The large proportion of cases considered to have probable GBS osteomyelitis who had polymicrobial infection may also reflect differences in the types of specimens taken, which included non-sterile sites like wounds and ulcers. For these samples, the microbiology laboratory may choose to report GBS only if it grows in significant amounts, while any presence of S. aureus and P. aeruginosa is usually reported. If so, GBS can probably be considered a pathogen, giving credence to polymicrobial osteomyelitis. Alternatively, the microbiology laboratory may report any presence of GBS independently of the presence of other pathogens, in which case the pathogenic role of GBS is more difficult to discern. Unfortunately, in this study, we were unable to assess the protocols and practices of the microbiology laboratories that processed these samples.

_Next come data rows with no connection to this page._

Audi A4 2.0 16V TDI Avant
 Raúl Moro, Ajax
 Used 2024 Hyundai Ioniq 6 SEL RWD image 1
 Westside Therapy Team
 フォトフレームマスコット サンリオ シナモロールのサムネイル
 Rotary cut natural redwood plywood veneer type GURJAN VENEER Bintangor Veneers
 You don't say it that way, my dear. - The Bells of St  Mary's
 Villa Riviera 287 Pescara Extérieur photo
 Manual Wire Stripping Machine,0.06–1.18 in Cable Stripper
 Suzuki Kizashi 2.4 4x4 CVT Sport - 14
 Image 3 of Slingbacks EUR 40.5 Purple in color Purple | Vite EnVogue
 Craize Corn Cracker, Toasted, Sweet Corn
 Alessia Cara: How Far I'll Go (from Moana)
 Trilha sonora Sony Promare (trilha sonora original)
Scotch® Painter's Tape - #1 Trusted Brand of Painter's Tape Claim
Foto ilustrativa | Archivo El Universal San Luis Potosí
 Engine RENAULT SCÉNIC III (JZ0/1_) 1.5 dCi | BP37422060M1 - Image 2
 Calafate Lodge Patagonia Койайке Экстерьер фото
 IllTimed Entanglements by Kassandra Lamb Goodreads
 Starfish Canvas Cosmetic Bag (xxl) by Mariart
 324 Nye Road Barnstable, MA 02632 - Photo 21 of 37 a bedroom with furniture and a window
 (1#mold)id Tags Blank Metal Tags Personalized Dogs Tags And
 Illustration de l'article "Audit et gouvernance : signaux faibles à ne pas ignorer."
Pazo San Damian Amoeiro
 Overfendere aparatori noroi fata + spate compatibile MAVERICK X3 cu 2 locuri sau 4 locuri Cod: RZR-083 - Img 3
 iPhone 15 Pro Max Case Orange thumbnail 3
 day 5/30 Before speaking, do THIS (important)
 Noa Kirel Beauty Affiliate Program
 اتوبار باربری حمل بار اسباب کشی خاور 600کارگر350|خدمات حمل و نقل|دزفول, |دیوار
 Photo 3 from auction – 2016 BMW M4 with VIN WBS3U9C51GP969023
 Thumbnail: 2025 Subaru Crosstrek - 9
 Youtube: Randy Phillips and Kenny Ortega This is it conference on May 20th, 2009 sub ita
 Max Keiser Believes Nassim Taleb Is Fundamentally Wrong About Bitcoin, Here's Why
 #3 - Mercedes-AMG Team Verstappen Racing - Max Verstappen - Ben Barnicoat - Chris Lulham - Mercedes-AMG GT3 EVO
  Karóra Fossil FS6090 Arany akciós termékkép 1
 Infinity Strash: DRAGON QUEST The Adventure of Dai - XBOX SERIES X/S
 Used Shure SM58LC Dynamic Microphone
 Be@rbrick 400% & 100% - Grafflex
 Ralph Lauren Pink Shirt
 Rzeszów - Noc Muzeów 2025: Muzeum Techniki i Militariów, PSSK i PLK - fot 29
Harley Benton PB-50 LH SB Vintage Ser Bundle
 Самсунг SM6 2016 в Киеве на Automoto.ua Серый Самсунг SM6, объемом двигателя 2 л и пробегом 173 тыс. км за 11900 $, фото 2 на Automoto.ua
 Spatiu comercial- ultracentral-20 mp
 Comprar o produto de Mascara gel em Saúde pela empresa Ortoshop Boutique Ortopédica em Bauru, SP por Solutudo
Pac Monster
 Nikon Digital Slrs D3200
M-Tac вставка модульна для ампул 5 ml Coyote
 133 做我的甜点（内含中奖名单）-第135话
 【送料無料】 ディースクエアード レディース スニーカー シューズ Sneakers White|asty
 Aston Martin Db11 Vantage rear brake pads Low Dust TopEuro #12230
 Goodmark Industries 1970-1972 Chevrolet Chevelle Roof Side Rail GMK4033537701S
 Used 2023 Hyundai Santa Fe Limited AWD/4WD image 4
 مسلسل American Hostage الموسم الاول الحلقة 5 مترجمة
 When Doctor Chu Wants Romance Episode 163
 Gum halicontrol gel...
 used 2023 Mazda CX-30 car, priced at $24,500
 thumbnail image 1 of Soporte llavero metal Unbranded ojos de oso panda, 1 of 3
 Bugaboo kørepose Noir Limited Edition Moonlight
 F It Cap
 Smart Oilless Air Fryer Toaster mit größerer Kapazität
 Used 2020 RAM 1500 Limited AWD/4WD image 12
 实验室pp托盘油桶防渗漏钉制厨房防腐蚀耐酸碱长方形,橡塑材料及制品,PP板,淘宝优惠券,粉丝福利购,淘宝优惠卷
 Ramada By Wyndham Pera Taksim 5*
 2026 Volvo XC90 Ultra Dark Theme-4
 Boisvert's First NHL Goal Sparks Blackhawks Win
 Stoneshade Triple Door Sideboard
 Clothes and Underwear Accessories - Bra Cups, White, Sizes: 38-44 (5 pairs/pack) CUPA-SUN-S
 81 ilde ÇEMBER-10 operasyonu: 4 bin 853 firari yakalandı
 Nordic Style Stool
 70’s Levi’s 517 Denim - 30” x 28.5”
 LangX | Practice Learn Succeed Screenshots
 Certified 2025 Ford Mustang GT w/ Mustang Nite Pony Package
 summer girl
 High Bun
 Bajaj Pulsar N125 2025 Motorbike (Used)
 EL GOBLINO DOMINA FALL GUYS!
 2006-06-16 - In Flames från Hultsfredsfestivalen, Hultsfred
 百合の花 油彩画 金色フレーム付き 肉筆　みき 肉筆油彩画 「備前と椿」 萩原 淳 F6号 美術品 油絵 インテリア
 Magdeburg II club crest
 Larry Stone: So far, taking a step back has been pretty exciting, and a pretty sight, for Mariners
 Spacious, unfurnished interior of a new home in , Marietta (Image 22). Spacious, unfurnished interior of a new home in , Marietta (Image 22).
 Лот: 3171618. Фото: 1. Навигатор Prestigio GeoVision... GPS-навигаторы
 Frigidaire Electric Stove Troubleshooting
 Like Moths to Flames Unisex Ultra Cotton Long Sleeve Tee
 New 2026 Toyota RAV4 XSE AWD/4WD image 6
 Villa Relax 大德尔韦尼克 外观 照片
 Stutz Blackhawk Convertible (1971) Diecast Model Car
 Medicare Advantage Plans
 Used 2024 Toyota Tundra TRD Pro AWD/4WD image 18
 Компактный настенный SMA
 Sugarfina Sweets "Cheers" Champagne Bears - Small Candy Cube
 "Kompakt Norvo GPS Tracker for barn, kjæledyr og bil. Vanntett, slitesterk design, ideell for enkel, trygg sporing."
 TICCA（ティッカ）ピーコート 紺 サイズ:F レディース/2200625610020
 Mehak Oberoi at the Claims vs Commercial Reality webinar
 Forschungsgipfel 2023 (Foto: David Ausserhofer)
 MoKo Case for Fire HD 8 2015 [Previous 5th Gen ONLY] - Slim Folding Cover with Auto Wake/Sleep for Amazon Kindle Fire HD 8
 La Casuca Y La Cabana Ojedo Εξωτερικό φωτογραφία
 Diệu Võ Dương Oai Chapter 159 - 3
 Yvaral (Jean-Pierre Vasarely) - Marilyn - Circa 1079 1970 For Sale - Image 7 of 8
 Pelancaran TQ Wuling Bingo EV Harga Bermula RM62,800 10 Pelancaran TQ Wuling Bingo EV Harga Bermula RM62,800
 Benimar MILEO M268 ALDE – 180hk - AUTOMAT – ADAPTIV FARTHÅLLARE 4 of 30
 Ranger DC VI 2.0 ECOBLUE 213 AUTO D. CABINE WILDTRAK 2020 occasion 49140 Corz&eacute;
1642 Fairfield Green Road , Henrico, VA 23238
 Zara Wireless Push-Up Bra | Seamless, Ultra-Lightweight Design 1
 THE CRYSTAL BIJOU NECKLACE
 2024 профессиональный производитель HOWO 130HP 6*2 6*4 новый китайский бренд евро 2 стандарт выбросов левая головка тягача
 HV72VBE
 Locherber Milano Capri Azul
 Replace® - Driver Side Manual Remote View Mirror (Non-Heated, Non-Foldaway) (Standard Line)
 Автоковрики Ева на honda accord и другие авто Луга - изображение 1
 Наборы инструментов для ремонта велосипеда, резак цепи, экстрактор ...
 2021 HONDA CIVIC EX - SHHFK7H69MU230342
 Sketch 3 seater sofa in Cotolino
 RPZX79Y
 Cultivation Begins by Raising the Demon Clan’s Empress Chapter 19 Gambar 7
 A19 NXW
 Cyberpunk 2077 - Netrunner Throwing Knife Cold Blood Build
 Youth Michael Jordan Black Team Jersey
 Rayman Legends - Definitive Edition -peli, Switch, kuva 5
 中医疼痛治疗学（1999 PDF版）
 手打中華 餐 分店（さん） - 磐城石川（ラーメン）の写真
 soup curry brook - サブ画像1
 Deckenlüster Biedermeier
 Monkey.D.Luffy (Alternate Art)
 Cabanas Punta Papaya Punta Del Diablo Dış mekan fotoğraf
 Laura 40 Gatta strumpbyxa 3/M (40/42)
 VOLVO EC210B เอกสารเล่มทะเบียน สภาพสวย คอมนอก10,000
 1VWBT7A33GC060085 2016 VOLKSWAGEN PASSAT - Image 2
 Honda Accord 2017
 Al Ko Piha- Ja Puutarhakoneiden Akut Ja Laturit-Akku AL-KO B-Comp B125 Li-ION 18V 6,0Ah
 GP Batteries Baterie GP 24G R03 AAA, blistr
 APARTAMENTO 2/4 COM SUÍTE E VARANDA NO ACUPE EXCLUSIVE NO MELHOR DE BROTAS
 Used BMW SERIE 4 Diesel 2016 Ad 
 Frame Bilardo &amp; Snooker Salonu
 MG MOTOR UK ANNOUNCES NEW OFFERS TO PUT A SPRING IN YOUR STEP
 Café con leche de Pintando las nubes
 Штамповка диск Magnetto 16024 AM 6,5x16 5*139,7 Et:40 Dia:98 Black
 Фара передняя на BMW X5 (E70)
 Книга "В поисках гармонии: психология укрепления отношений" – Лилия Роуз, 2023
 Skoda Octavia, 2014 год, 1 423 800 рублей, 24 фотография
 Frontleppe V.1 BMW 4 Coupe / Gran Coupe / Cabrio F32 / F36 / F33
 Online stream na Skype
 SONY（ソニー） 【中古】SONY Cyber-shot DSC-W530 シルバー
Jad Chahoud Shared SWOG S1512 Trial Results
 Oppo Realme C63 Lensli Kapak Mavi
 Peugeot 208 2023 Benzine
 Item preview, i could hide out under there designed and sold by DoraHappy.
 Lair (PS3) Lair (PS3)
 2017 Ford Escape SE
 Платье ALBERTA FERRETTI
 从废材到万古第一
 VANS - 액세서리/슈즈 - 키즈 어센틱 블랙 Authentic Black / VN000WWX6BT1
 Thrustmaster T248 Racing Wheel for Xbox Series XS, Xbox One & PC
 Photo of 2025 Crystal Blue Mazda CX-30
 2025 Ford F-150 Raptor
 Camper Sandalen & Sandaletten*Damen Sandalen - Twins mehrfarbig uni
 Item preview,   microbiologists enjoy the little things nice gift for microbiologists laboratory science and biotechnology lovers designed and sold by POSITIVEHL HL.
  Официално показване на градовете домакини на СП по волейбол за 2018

Cultures taken from patients with established osteomyelitis were significantly less likely to have other organisms, including S. aureus and P. aeruginosa. Nevertheless, these pathogens have been found in up to a quarter of cases defined by isolation of GBS from a sterile site (that is to say, bones and blood). In this scenario, it is difficult to establish which is the predominant pathogen, as they may exhibit synergistic interactions that enhance their colonization, virulence, and persistence. . Mortality and lower limb amputation rates in patients whose cultures were monomicrobial for GBS were similar to those in the entire cohort. These results suggest that GBS has as much pathogenic potential as other bacterial species commonly recognized in association with osteomyelitis, such as S. aureus. Like most antibiotic regimens that treat S. aureus osteomyelitis are effective against GBS, the risk of inadvertently selecting an inappropriate treatment for GBS is low .
Our study has several important limitations. First, the results of this study may not be generalizable to other populations due to the different sociodemographic and health patterns that exist in the VA population. Specifically, VA patients are predominantly non-Latin white males with a high chronic disease burden. . Second, the definitions used in this study were based on clinical and administrative data, including ICD codes, CPT codes for amputation and imaging studies, and GBS culture site identification; ambiguity in labeling and coding errors may have led to misclassification of some cases. Third, we did not review the results of imaging studies to confirm the diagnosis of osteomyelitis because radiological interpretations are not readily available through the CDW, which may overestimate the number of cases of probable GBS osteomyelitis. Fourth, there is a risk of misclassification of GBS cases identified from abscesses arising in a sterile site or from exposed bones that are no longer sterile, and cases with discrepancies between blood and bone cultures. Finally, practices for isolating and reporting GBS in clinical specimens, particularly in polymicrobial cultures from non-sterile sites, may not be uniform across different microbiology laboratories and may have changed over the study period. . Likewise, this retrospective study did not report serotypes or antibiotic susceptibilities of GBS isolates because these are not routinely determined in microbiology laboratories serving VA medical centers.